[PROVIDED DATA]

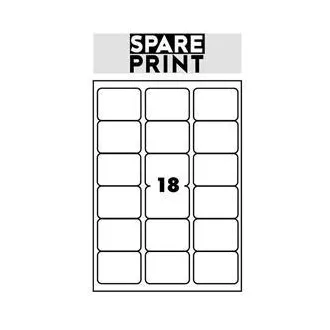 SPARE PRINT PREMIUM Samolepilne etikete bele barve, 100 listov A4 v škatli (1 list/18x etiketa 68x47mm) SPARE PRINT PREMIUM Samolepilne etikete bele barve, 100 listov A4 v škatli (1 list/18x etiketa 68x47mm)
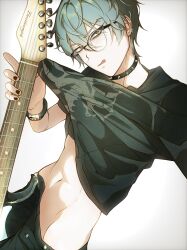  1boy absurdres alien_stage aqua_eyes artist_name besitosmp4 black-framed_eyewear black_choker black_nails black_pants black_shirt blue_hair bracelet choker clothes_lift commentary denim ear_piercing earrings electric_guitar english_commentary eyebrow_piercing face_piercing fender_jazzmaster from_side guitar hair_between_eyes highres holding holding_guitar holding_instrument instrument jeans jewelry lifting_own_clothes looking_at_viewer male_focus navel pants piercing shirt shirt_lift short_hair simple_background skeleton_print skinny solo spiked_choker spikes till_(alien_stage) white_background 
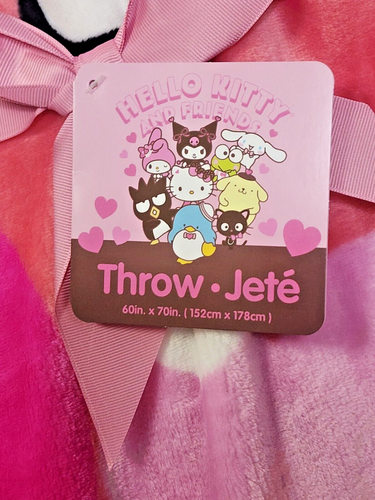 Hello Kitty and Friends Pink Hearts Throw Blanket Valentines Day 60 x 70 NEW - Picture 3 of 6
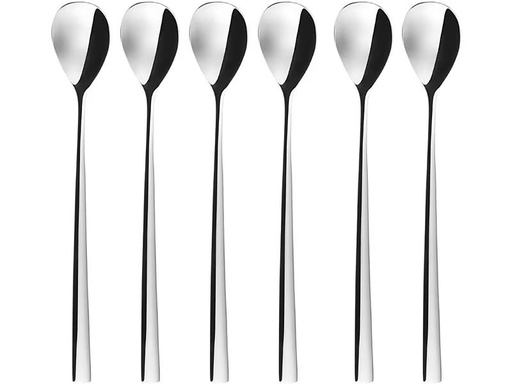 [90289141 1544799] Sola Latte Macchiato Löffel 6 Stück, Silber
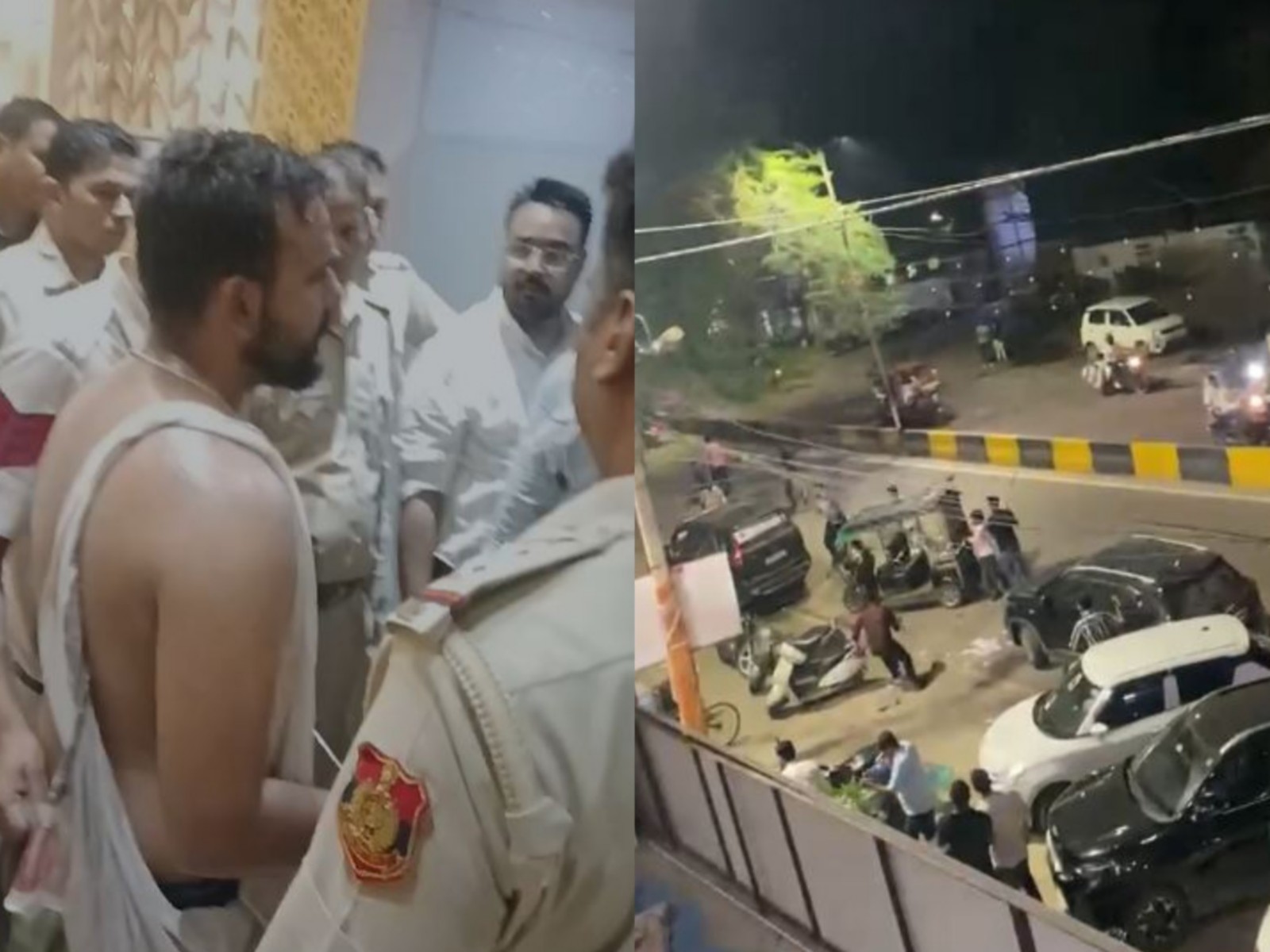 ABVP workers hand over an apprehended person to police following an alleged attack by NSUI workers in Delhi (Photo/AVBP)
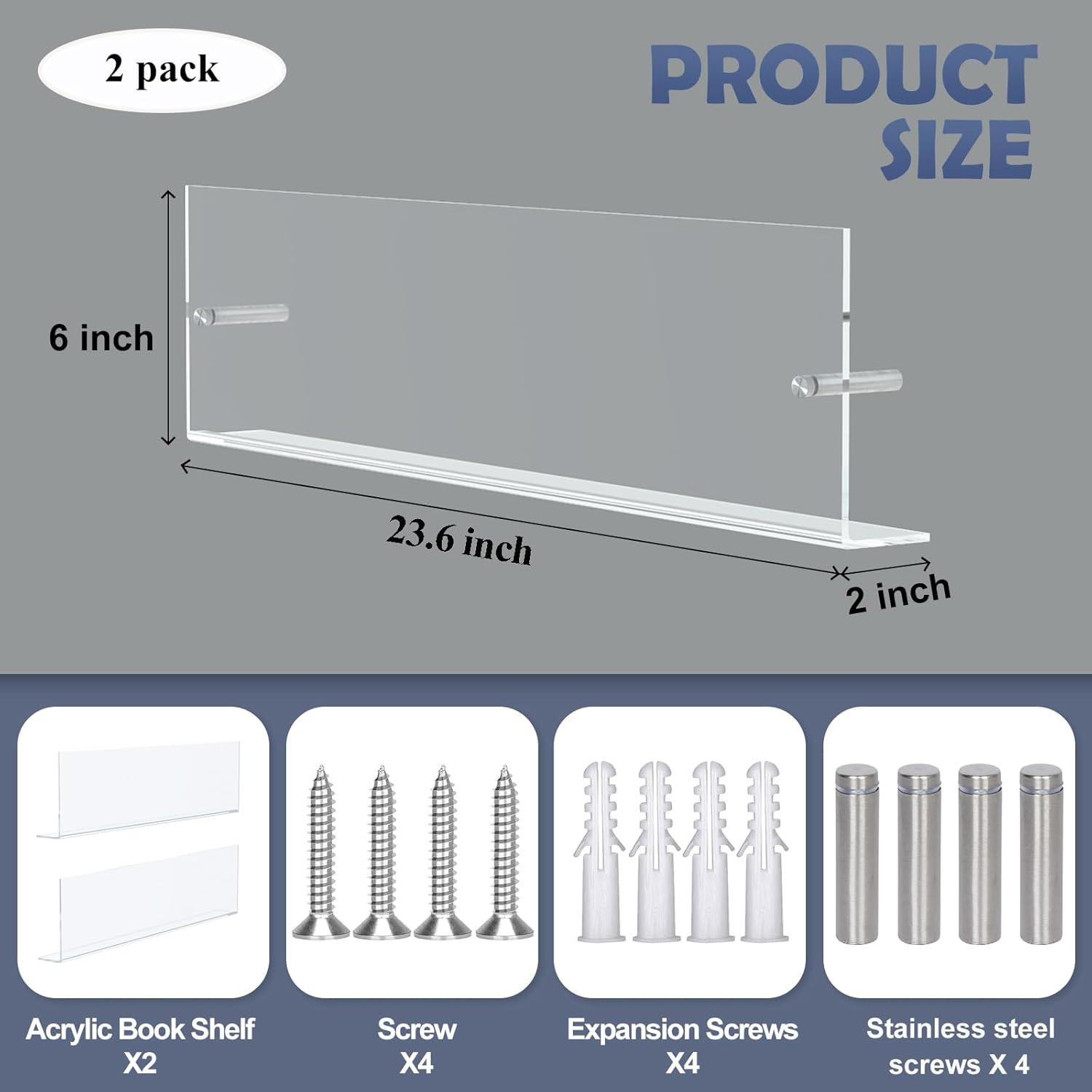 DuvinDD 2 Pack Acrylic Magazine Holder Wall Mount Floating Rack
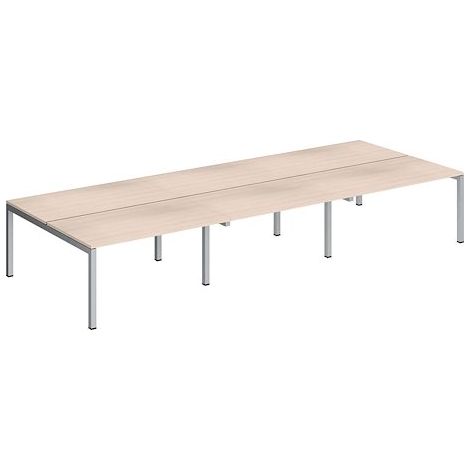 Pôle 6 bureaux droits Teamline L 420 cm - plateaux chêne clair piètement métal aluminium arche - Maxiburo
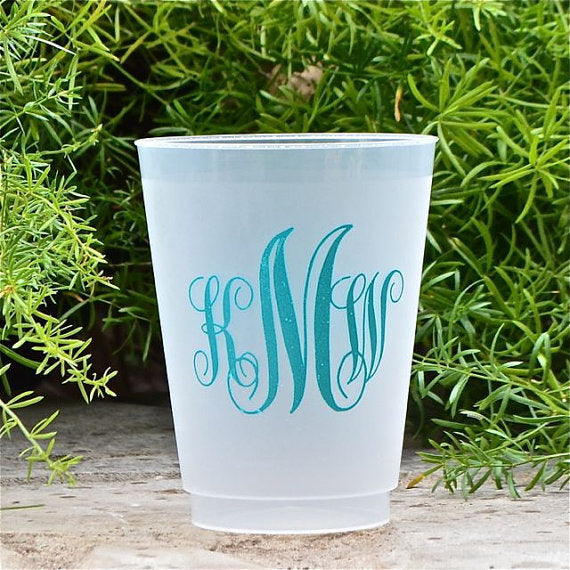 Scripted Cups Script Monogram Custom Frost Flex Cups - GB Design House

[/PROVIDED DATA]

WORK INSTRUCTIONS. Print only the lines from the one with "Pôle 6 bureaux" through the last line of the data above, exactly and with both ends, and please omit any pictures.

WRITTEN ANSWER.
 Pôle 6 bureaux droits Teamline L 420 cm - plateaux chêne clair piètement métal aluminium arche - Maxiburo
 Scripted Cups Script Monogram Custom Frost Flex Cups - GB Design House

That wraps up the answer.